# Arkham Dispatch @ Maxwell's Music House - Nov 4th



## Budda (May 29, 2007)

Arkham Dispatch will be playing Maxwell's Music House Friday November 4th, $5 at the door!

https://www.facebook.com/event.php?eid=176666825750113


----------



## Hamstrung (Sep 21, 2007)

Budda said:


> Arkham Dispatch will be playing Maxwell's Music House Friday November 4th, $5 at the door!
> 
> https://www.facebook.com/event.php?eid=176666825750113


Damn! Need more of a heads up than one day dude! 
I'd have made it out for sure but have other plans. 
Maybe next time...


----------



## Budda (May 29, 2007)

I forgot to make the thread earlier then this week, sorry!

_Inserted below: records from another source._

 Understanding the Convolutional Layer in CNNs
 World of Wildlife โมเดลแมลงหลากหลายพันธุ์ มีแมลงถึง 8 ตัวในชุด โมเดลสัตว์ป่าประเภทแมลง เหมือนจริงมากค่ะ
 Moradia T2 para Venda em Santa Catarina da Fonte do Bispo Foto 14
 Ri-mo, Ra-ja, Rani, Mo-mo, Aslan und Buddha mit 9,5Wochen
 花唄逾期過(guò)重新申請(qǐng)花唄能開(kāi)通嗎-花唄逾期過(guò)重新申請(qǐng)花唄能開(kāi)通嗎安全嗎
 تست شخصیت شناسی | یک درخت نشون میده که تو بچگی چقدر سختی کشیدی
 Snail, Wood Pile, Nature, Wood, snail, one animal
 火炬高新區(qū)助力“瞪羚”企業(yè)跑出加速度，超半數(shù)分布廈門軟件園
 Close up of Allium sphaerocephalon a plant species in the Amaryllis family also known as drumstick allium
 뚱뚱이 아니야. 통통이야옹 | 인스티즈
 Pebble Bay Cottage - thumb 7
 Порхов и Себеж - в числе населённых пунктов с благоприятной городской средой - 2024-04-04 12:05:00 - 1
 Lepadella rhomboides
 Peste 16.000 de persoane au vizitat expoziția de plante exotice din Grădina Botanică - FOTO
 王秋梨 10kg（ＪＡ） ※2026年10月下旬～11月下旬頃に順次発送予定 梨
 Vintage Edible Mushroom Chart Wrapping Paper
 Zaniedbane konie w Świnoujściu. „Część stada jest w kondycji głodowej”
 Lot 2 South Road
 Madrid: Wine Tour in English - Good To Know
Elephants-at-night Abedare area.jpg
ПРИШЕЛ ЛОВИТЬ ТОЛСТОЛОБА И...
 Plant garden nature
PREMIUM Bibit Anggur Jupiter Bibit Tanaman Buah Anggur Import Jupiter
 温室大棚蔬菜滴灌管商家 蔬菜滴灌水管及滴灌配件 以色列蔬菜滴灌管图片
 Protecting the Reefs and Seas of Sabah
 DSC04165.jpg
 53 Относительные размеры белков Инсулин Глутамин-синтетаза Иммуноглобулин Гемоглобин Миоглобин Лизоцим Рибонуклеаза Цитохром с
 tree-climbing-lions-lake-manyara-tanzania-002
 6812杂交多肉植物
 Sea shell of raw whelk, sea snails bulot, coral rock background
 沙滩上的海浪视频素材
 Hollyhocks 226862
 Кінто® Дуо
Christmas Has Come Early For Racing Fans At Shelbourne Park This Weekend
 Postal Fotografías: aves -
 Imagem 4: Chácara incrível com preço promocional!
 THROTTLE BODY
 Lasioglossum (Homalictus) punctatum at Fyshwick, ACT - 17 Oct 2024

We're on last if that helps .

Send some friends


----------



## GuitarsCanada (Dec 30, 2005)

Right on man


----------



## Budda (May 29, 2007)

Tonight! It's going to be a good one!


----------



## GuitarsCanada (Dec 30, 2005)

Pull out all the stops man


----------



## Budda (May 29, 2007)

All the acts did a fantastic job, and we had a blast! The owner/booking agent of the bar was especially pleased, and invited us back to play again in January. Keep your eyes open for that one!


----------